Page added on May 15, 2008
I wonder if much of the debate about the run-up of oil prices could be resolved simply by looking at this graph.
Graph:
World Oil Supply & Demand (all liquids) from 2003-2007
Source: EIA supply and demand data
As you can see, world oil demand surpassed the available supply in 2007. Demand rose 7.51% during period shown while supply only rose 6.26%, with all of that increase occurring in 2003-2004. The EIA demand numbers measure the quantity of oil demanded. When the quantity demanded exceeds supply, the extra consumption must be met by draws on inventories.
[…]
I put together a non-OPEC forecast for 2008/2009 a few months ago and I’m already prepared to revise it downward. (ASPO-USA, February 20, 2008—I was critiquing the EIA’s much more optimistic estimates.)
Flatland (graph left) does not include OPEC natural gas liquids, which is the normal accounting method.
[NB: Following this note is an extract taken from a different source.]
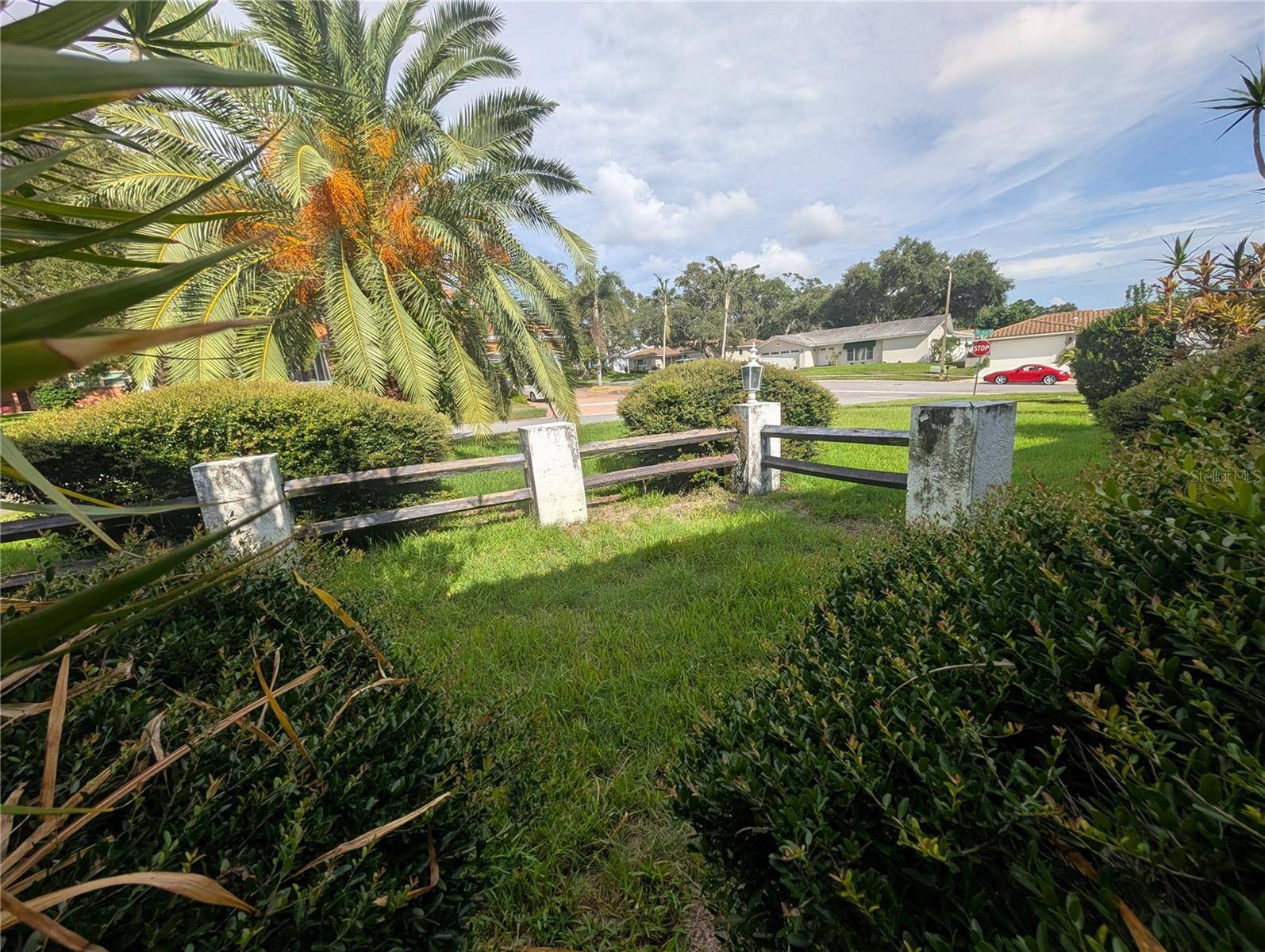 7006 120TH ST, Seminole, FL 33772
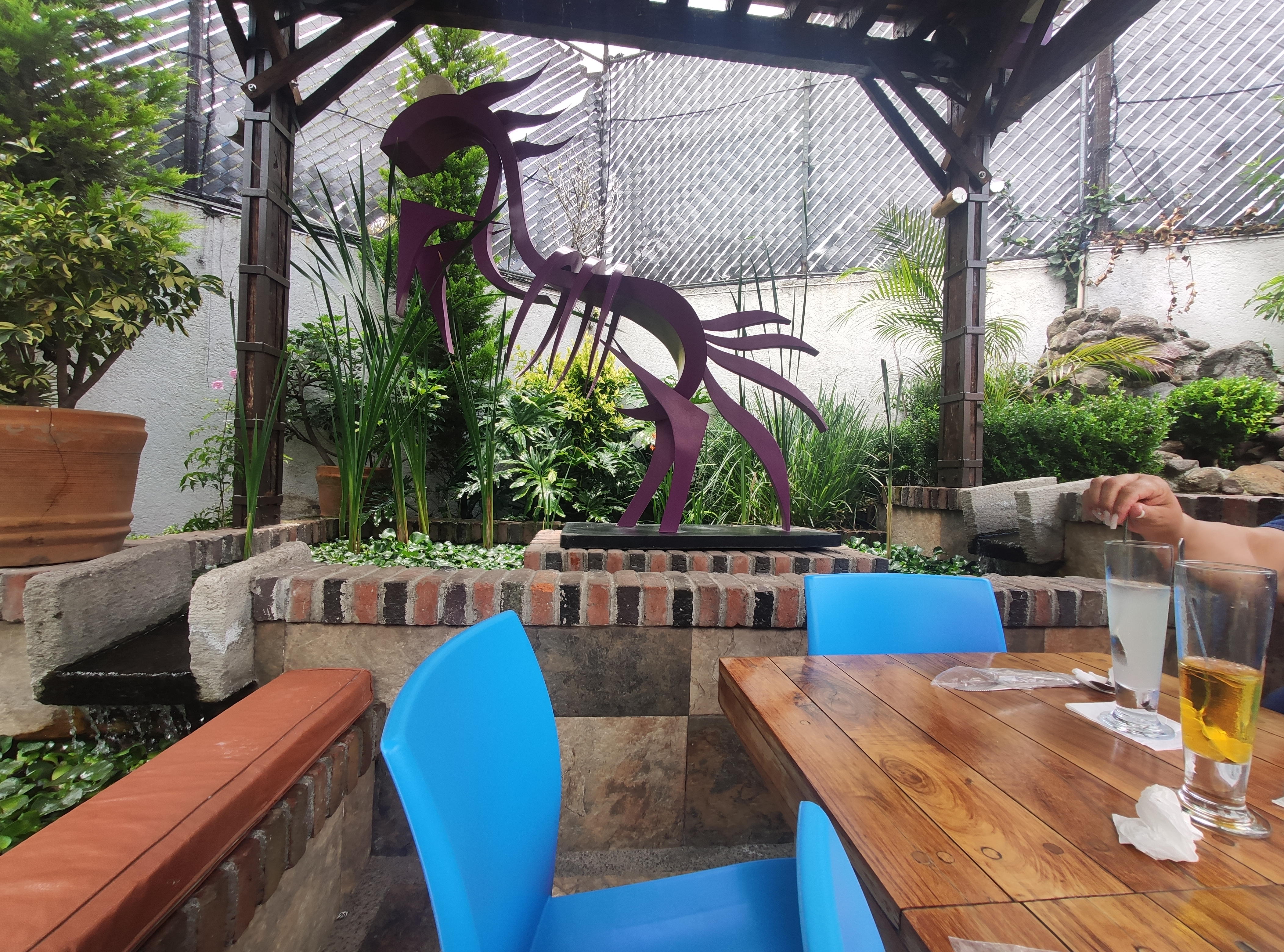 El Aviario Restaurante image 1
The source is the current EIA all liquids data from the beginning of 2007 through April of 2008. The scale intentionally de-emphasizes insignificant monthly differences, which are the only kind of differences there are in the last 16 months for the countries shown and non-OPEC liquids as a whole.
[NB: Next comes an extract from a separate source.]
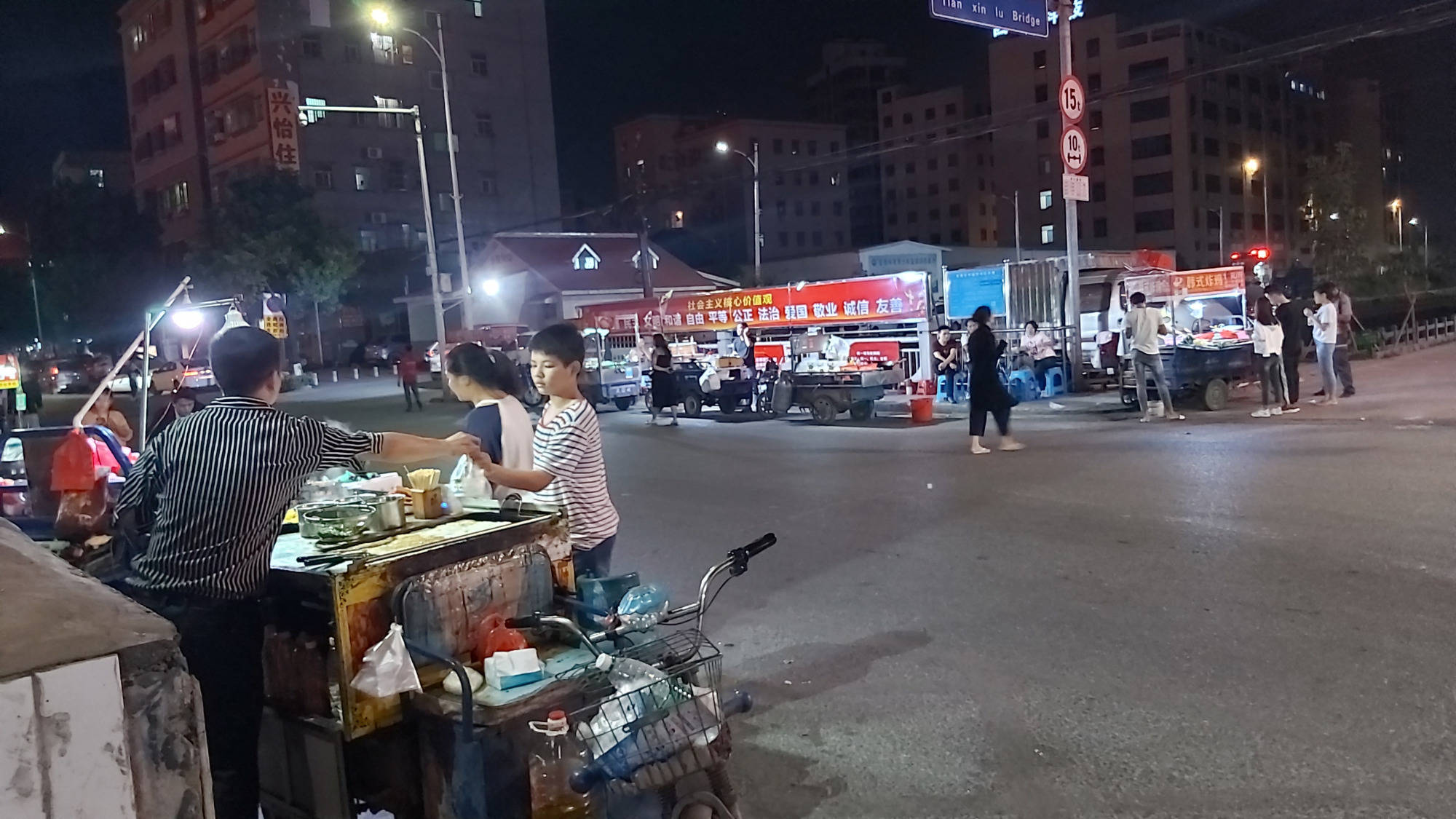 夜逛东莞塘厦田心商业中心,看看当地的夜生活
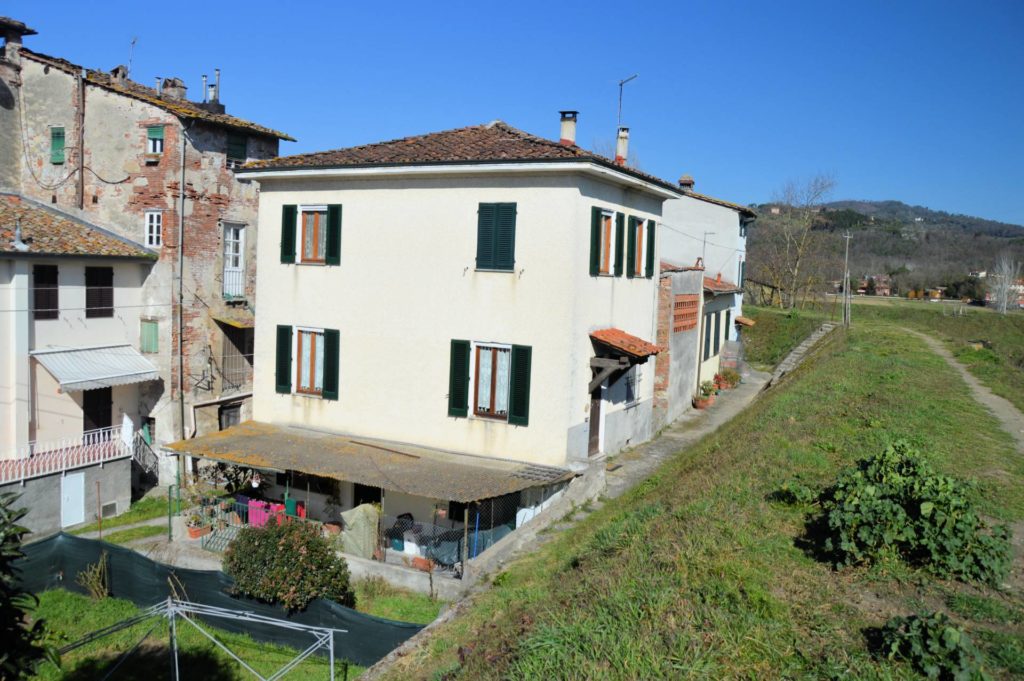 1136-Terratetto libero su quattro lati-Lucca-1 Agenzia Immobiliare ASIP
Russia was chosen because their production has been the primary driver of non-OPEC liquids growth in the 21st century. Russian production is flat.
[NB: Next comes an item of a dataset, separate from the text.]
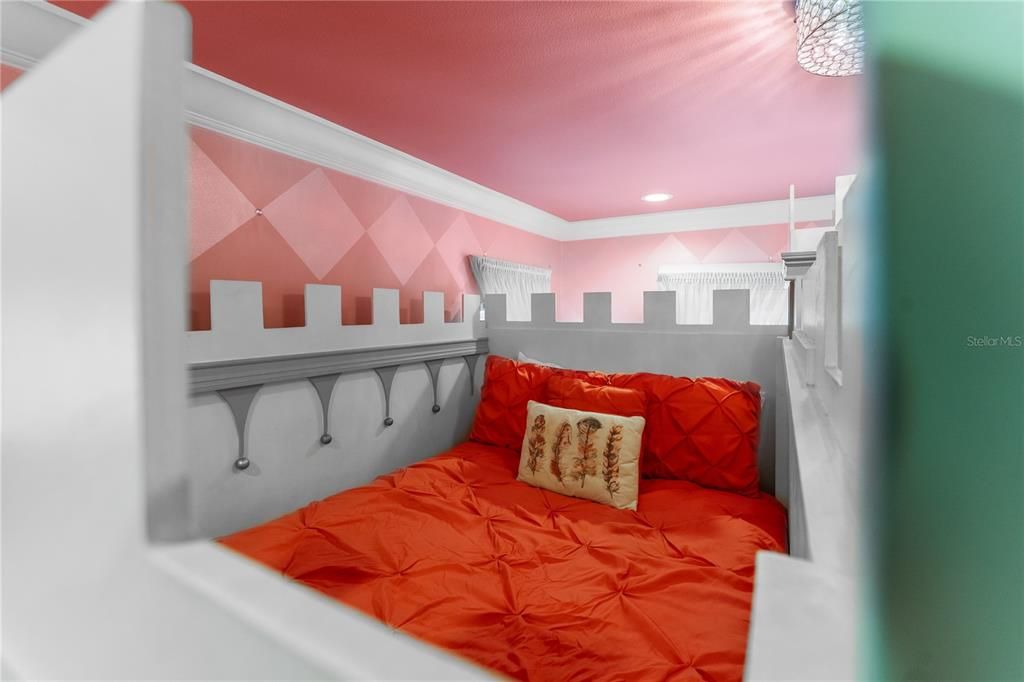 For Sale: $3,175,000 (11 beds, 11 baths, 7901 Square Feet)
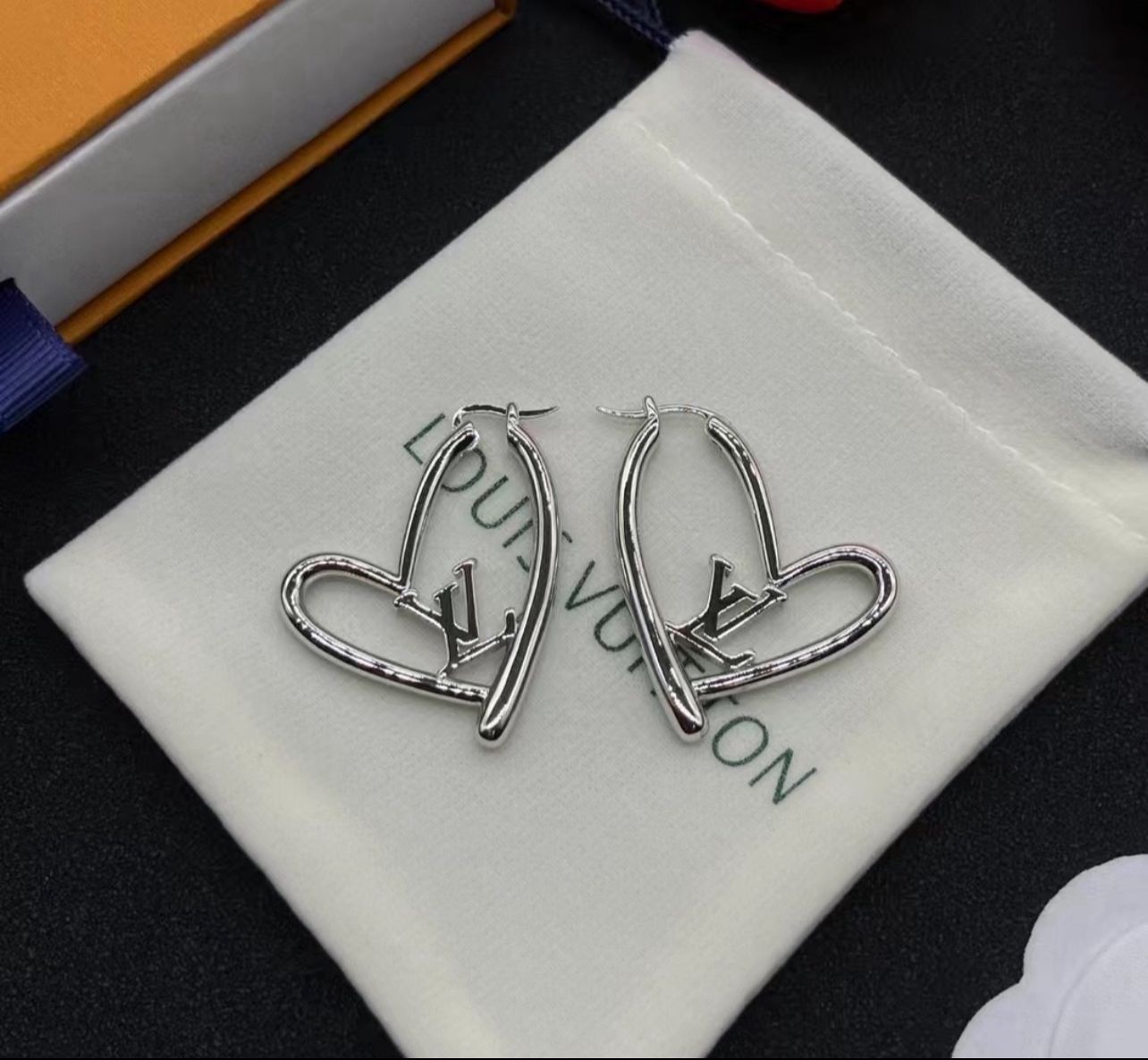 L Silver heart earrings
China was chosen because anything they can not produce themselves puts additional pressure on the world oil markets. Chinese production is flat.
Brazil1 was chosen because this deepwater superstar is supposed to be the main driver of non-OPEC growth in 2008 and 2009. Brazilian production is flat.
We can not depend on OPEC, so we can expect only modest rises in the oil supply in 2008. Things don’t look promising so far, do they?